Humanitarian organisations have suspended their activities in Ethiopia's stricken Tigray region which was hit by a deadly airstrike on a camp for displaced people.
the United Nations Office for the Coordination of Humanitarian Affairs (OCHA) revealed this on Sunday, “Humanitarian partners have suspended their activities in the area due to continued threats of drone strikes."
Initial information from OCHA suggested that the attack which took place at around midnight on Friday against the IDP camp "caused dozens of civilian casualties, including deaths".
The Tigrayan rebels accused the government on Saturday of carrying out a drone attack claiming, 56 people were killed. However, an official at the region's main hospital said 55 people were killed with 126 sustaining injuries.

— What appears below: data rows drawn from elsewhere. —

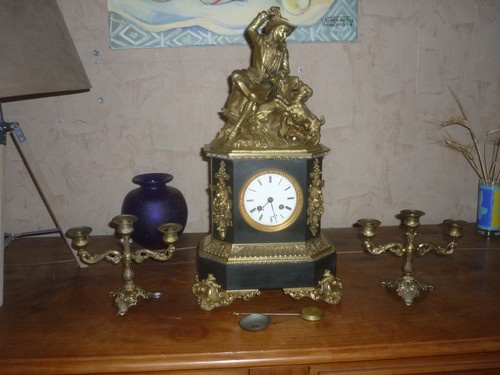 Pendule bronze napoleon iii - en,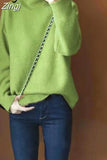 Turtleneck Women Sweater Thick Warn Pullovers For Women Knitted Tops Autumn 2023 Loose Sweater Turtleneck Women's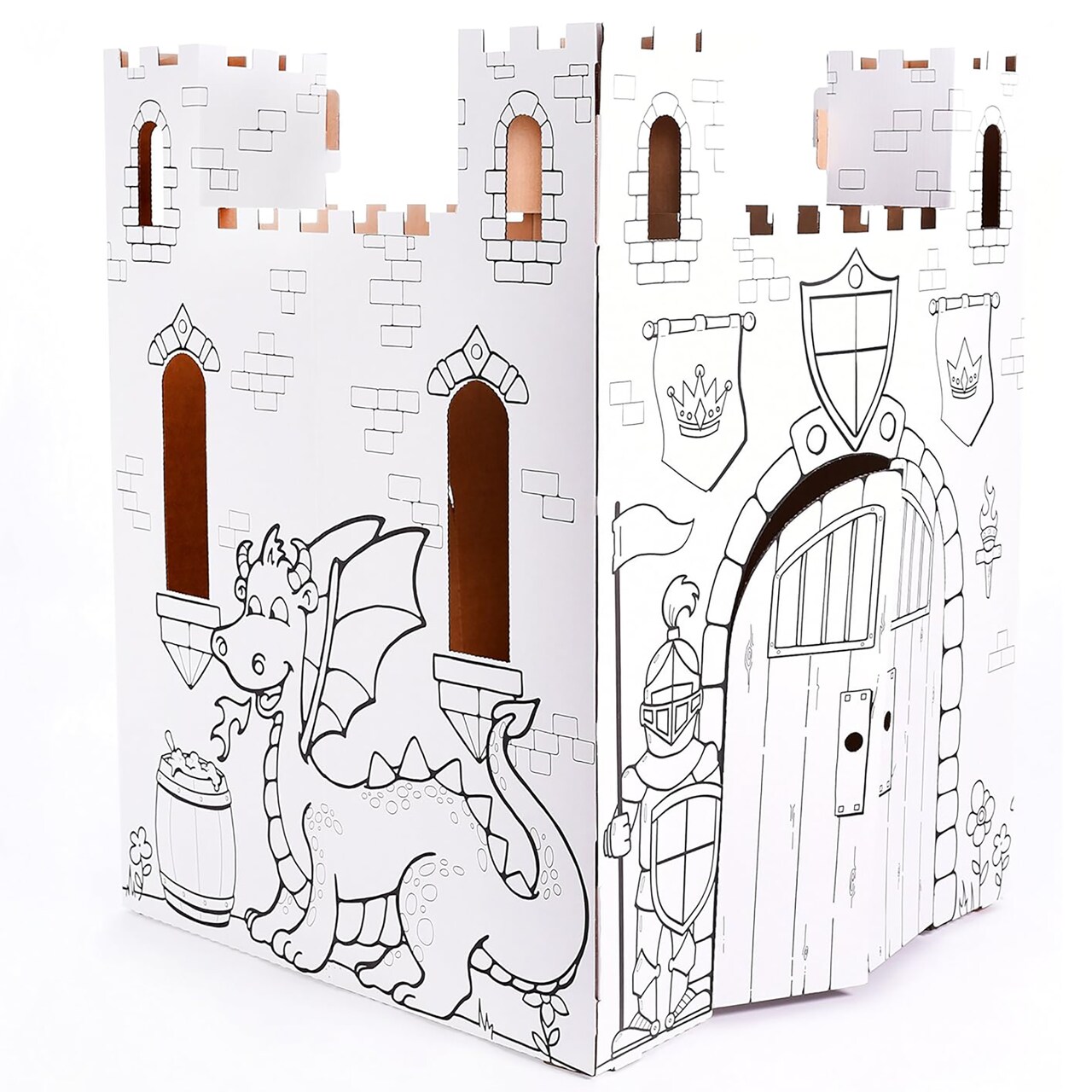 Easy Playhouse Fairy Tale Castle - Kids Art and Craft for Indoor and Outdoor Fun, Color, Draw, Doodle – Decorate and Personalize a Cardboard Fort, 32" X 32" X 43. 5" - Age 3+, White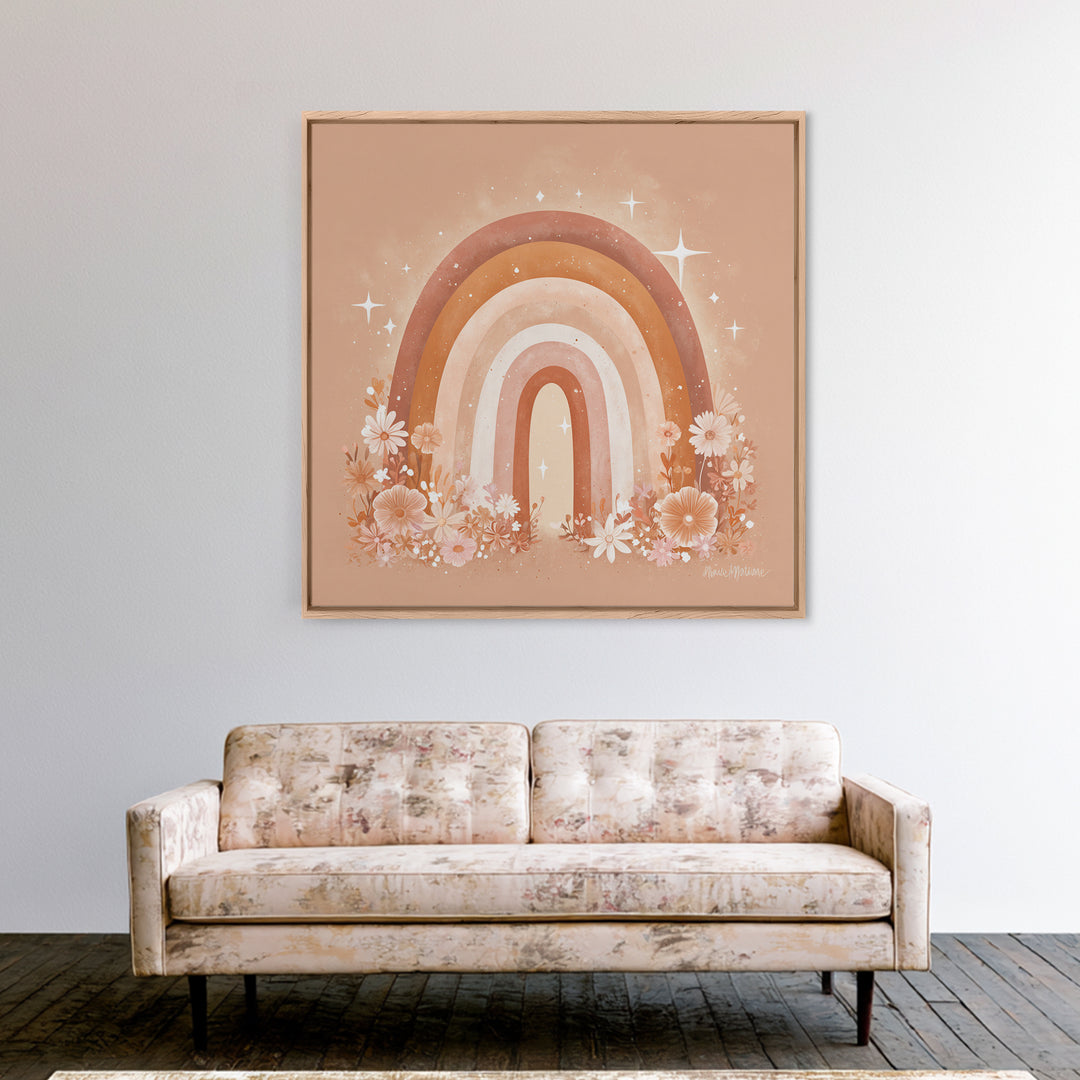 Peach Floral Rainbow Wall Art, Daisy Nursery Decor, Boho Kids Room Art, Feminine Wall Decor, Baby Girl Nursery Canvas Print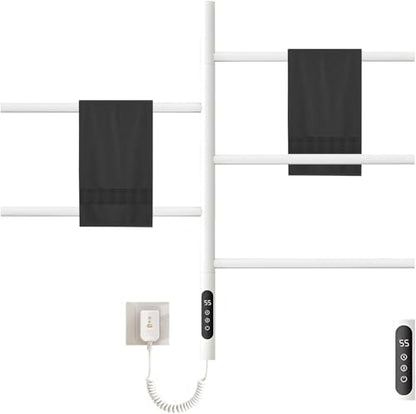 180°Rotation Electric Heated Towel Rack Wall Mounted Towel Warmer Racks 5 Bars Hardwired & Plug-in Hot Towel Rack with 1H-9H Timer for Home Bathroom Salons and Spas (White) - color: White, size: G63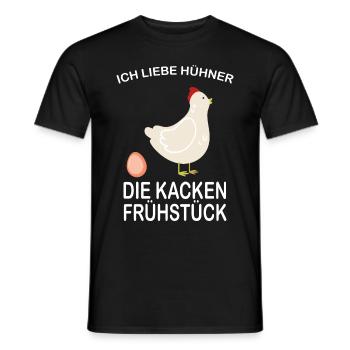 Ich liebe Hühner die kacken - T-shirt homme - noir - Devant - AI Model Male 178 light (178cm)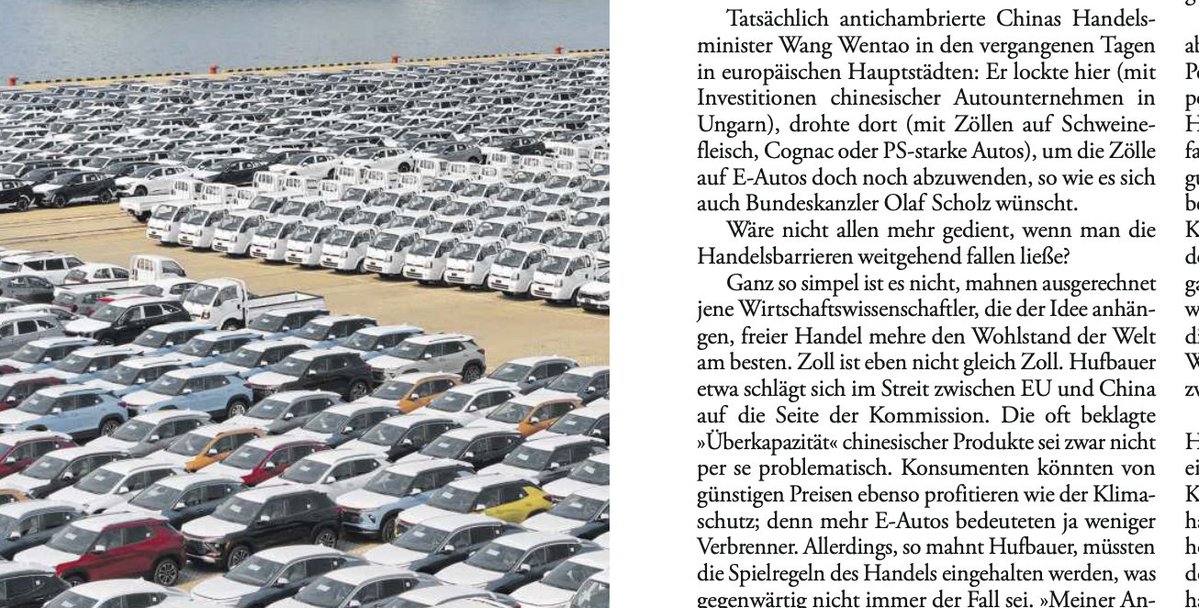 Max Hägler (@maxhaegler) on Twitter photo 🚗 🇨🇳 🇪🇺 Es gibt gute Argumente geg Zölle auf chin Autos. Aber es gibt auch sehr gute dafür, und weil sie von Vertretern des Freihandels kommen, lohnt es, sie zu kennen. In <a href="/DIEZEIT/">DIE ZEIT</a> (Online: zeit.de/2024/42/zollst…) und ganz kurz im Podcast heute früh: zeit.de/politik/2024-1… 🚗 🇨🇳 🇪🇺 Es gibt gute Argumente geg Zölle auf chin Autos. Aber es gibt auch sehr gute dafür, und weil sie von Vertretern des Freihandels kommen, lohnt es, sie zu kennen. In <a href="/DIEZEIT/">DIE ZEIT</a> (Online: zeit.de/2024/42/zollst…) und ganz kurz im Podcast heute früh: zeit.de/politik/2024-1…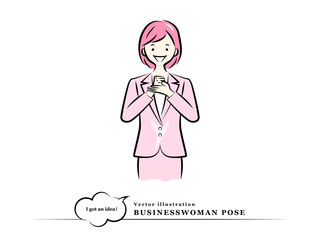 アイデアがひらめいたビジネスウーマン(閃く,発想,思いつく,なるほど)｜ビジネスポーズ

In a Twitter post on Sunday, Tigray People's Liberation Front (TPLF) spokesperson, Getachew Reda claimed that the Eritrean army, which has supported Ethiopian government forces against the rebels and has been accused of committing atrocities, had launched attacks on its fighters in northwest Tigray on Saturday.
He accused Eritrea of seeking to "sabotage all peace efforts in the region, supposedly to protect Ethiopia's unity".
But it was impossible to verify these claims independently, as access to Tigray was severely restricted and communications were cut off in the region.
Ethiopian government officials did not respond to requests from AFP.
Impact on the health system
According to OCHA, the lack of essential supplies, particularly medical equipment and fuel, has tendencies of "… severely disrupting the response to the wounded and has led to the near-collapse of the health system in Tigray.
"The intensification of airstrikes is alarming, and we once again remind all parties to the conflict to respect their obligations under international humanitarian law," the UN agency added.
Calls for "national reconciliation
The attack came as the Ethiopian government announced an amnesty for several senior TPLF and other opposition leaders, following a call for "national reconciliation" during the Orthodox Christmas celebrations by Prime Minister Abiy Ahmed.
The amnesty was welcomed by the United Nations and the African Union, which are spearheading international efforts to end the conflict, and called for the opportunity to be used to start a "dialogue".
It was not clear whether the government had offered negotiations to the TPLF, the party that effectively ruled Ethiopia for three decades until Mr Abiy took power in 2018 and is now considered a "terrorist" group by Addis Ababa.
The conflict began in November 2020 when the federal army intervened in Tigray to remove regional authorities - from the TPLF - who were challenging its authority.
A TPLF counter-offensive allowed the rebels to recapture most of the region at the end of June 2021 and to advance into neighbouring Amhara and Afar. They claimed in November to have reached 200 km from Addis Ababa.
Thousands have died in the conflict. Tigray is under a "de facto blockade" of humanitarian aid, according to the UN.